The party’s bosses are delighted about a rumour, first reported by the Wall Street Journal, that the US may pull out some 9,500 of the 34,500 American troops stationed in Germany, and then cap their numbers at 25,000. Dietmar Bartsch, the Left’s caucus leader, suggested that Germany should instead urge the US to withdraw all its forces, and get it to take home American nukes as well. In Moscow, President Vladimir Putin must be wondering at his luck.
As with other bluster emanating from the White House under President Donald Trump, this threatened drawdown may never happen. One reason is that it would simply be too stupid from a strategic and logistical perspective, as American experts such as Ben Hodges, a former commander of the US Army in Europe, have pointed out.

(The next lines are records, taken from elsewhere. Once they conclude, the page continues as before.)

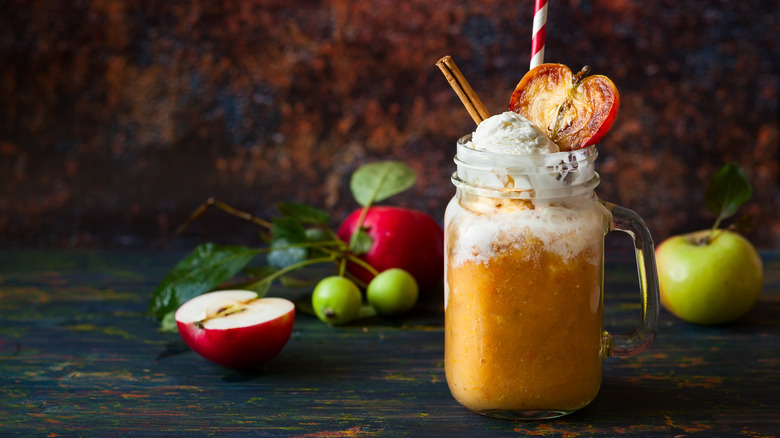 Dirty apple cider is served in a jar and topped with ice cream and an apple slice.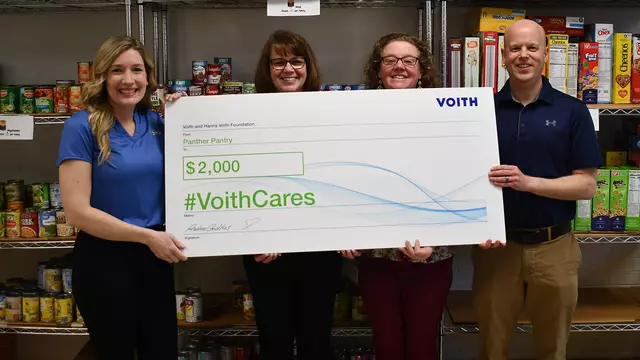 Voith awarded a $2,000 #VoithCares donation to the Panther Pantry, a food pantry operated by teachers and staff in the Central York School District in York, Pennsylvania. (From left to right: Natonia Samchuck, a Voith employee who nominated the nonprofit for the donation; Regina Peckmann, Roundtown Elementary School Teacher; Renee Decker, Roundtown Elementary School Teacher; and Adam Strayer, a Voith employee.)
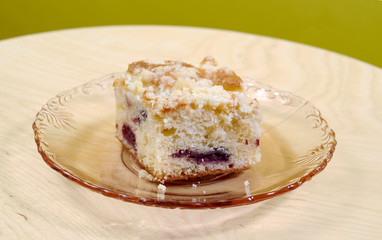 A portion of the yeast cake on a glass saucer.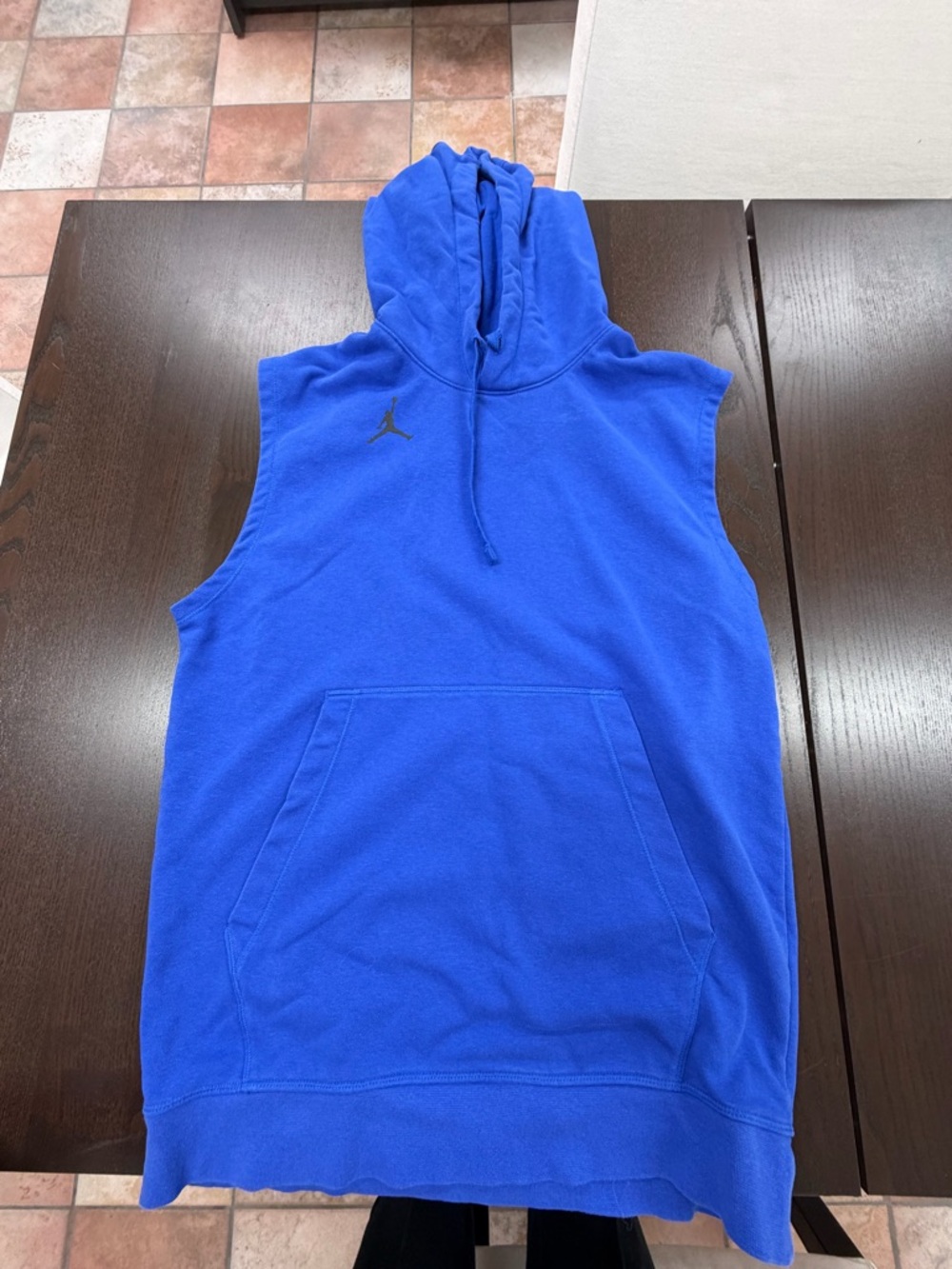 One small Nike hooded sleeve-less sweatshirt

That’s because the Americans are there not only to deter Russian aggression, which they could also do from Poland — whose prime minister immediately put up his hand to accommodate any surplus US troops. The “Amis,” as Germans call the American forces, also use Germany as their hub for missions in the Middle East and Africa. GIs flying to or from Iraq and Afghanistan, for example, pass through Ramstein, the biggest US airbase on foreign soil. If wounded, they get treated at nearby Landstuhl.
Some veterans of the ever-turbulent US-German relationship are therefore rolling their eyes. It’s possible that Trump is just having another tantrum about German Chancellor Angela Merkel, who recently said she wouldn’t attend a G7 summit Trump was planning to host, and whom Trump seems to scorn as his symbolic nemesis. The rumour could also be a Parthian shot by Richard Grenell, the outgoing US ambassador to Germany, who feels snubbed by the Berlin establishment.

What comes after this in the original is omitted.